In past times and other cultures this was accepted,but until recently the growth of technological medicine in developed countries has pushed the healing role of food into the background.Now it is enjoying renaissance.
The relationship between food and medicine is rarely obvious to the untrained eye,yet a large number of todays medicines are derived from sources more usually accepted as food.
The medical properties of plants have been recognised and put to use since the beginning of civilisation.Even today,herbal remedies are thought to make up as much as three-quarters of all the medicines taken around the world.Living plant cells have amino and fatty acids-the raw materials for building many compounds that contain medical properties.
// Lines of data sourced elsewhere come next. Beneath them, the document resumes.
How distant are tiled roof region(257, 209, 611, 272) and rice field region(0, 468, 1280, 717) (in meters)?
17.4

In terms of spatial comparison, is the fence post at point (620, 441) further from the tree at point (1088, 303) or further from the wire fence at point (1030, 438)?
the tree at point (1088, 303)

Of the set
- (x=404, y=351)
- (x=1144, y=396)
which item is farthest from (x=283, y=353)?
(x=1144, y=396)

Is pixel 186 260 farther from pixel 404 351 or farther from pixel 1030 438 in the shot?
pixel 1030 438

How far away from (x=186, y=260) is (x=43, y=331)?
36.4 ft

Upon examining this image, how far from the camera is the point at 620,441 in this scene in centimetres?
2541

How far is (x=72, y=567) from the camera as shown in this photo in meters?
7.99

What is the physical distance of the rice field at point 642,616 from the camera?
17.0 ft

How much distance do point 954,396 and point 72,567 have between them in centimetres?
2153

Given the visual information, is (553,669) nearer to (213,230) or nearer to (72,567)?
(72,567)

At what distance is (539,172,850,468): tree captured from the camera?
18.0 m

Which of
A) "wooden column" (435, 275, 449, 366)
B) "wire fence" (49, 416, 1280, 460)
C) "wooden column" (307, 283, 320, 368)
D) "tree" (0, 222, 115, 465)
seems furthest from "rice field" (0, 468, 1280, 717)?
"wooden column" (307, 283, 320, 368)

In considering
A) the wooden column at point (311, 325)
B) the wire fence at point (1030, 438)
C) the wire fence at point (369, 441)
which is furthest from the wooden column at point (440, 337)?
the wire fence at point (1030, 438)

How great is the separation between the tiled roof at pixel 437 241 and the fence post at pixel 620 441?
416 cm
Many modern drugs are made from plants more familiar as foods.Folk remedies are handed down from generation to generation and often involve food.
SOME WELL-KNOWN REMEDIES.
Ginger for nausea.
Cloves for toothache.
Peppermint for indigestion.
Honey for sore throat.
Prunes for constipation.
Carrots for night vision.
Citrus fruit and/or garlic for cold.
Parsley for bad breath.
World Health Organization studies,for example,show a clear connection between diet and heart disease in certain countries around the world.
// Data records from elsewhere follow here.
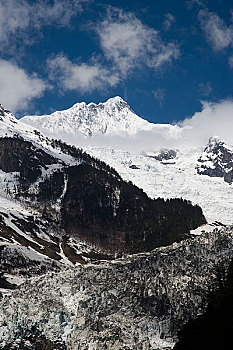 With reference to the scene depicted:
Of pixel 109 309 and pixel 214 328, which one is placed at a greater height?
pixel 214 328

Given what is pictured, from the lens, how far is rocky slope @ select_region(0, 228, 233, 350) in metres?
124

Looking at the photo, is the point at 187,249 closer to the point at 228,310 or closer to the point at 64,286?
the point at 64,286

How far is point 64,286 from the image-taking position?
525 ft

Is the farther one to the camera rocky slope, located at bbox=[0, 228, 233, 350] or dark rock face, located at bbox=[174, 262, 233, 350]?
rocky slope, located at bbox=[0, 228, 233, 350]

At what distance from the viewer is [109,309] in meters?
138

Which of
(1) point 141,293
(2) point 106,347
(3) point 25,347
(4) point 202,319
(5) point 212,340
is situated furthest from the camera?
(1) point 141,293

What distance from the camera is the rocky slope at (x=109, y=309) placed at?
124 metres

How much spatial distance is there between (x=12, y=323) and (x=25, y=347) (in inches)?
414

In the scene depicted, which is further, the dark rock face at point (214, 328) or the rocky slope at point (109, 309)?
the rocky slope at point (109, 309)

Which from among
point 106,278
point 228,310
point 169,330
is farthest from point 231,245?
point 228,310

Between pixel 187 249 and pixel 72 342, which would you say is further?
pixel 187 249

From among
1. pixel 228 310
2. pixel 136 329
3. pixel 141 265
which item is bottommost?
pixel 136 329

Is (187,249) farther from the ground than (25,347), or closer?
farther from the ground

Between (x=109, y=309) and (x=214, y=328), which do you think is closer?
(x=214, y=328) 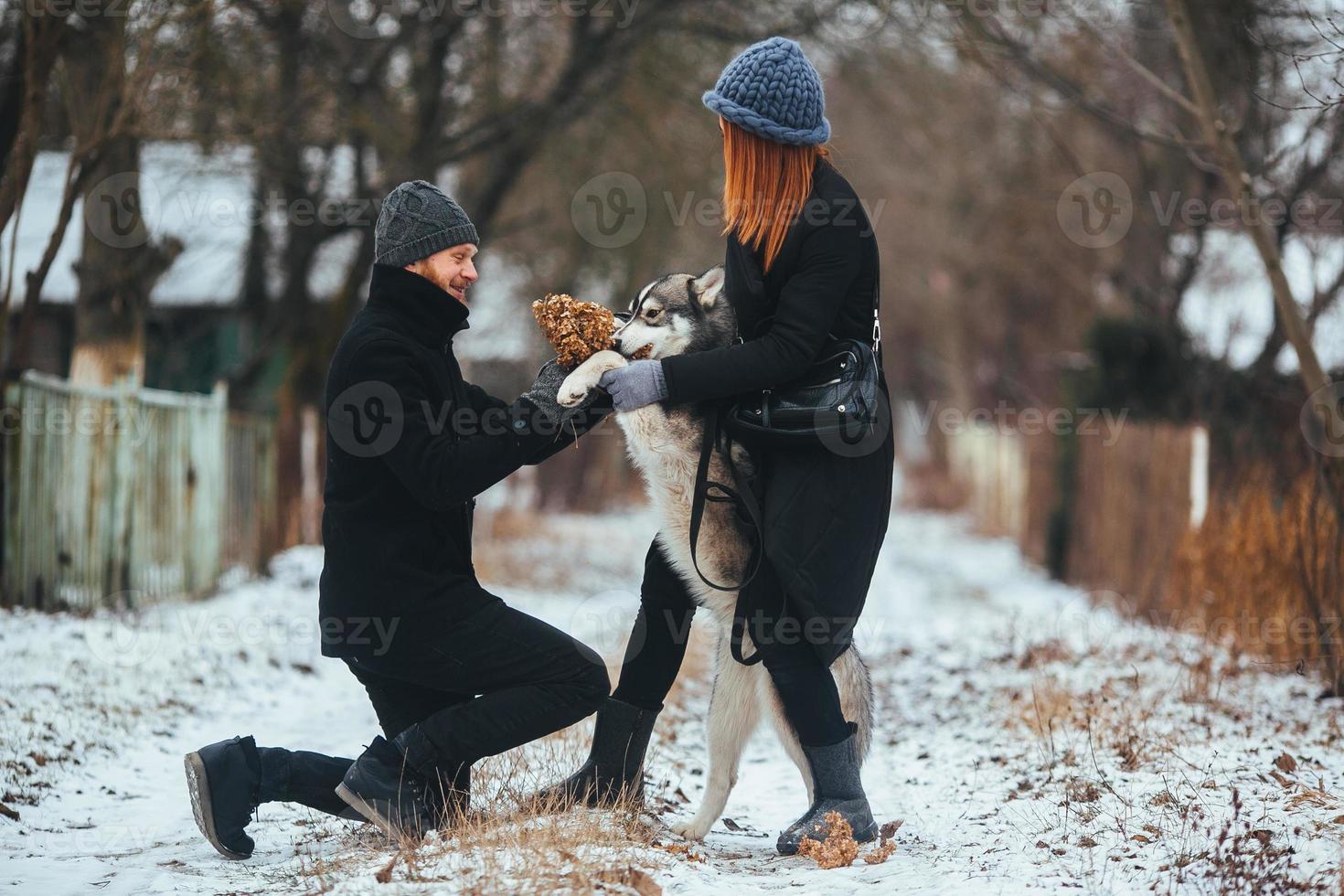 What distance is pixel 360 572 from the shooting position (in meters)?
3.73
Climate and geography play a large part in determining the diet and food remedies of a particular country and culture.
Other traditional remedies under scientific inspection include an infusion or ‘tea’ made of ten plant material that are commonly used in Chinese medicine to treat skin problems.Controlled clinical trials have shown that this ‘brew’ produces a short-term beneficial response in sufferers of ‘atopic eczema’.
Although interest in medicinal use of food is growing all the time and many applications may appear to be innovative,most cultures have long histories of food-based remedies.Some of these remedies have never dropped out of use,and many have now been scientifically proven to have beneficial health effects.These herbal applications now appear either in their natural state or in recognisable manufactured concentration of their active compounds,which are available as tablets,powders or creams just to name a few. (Ginger,Honey,Garlic).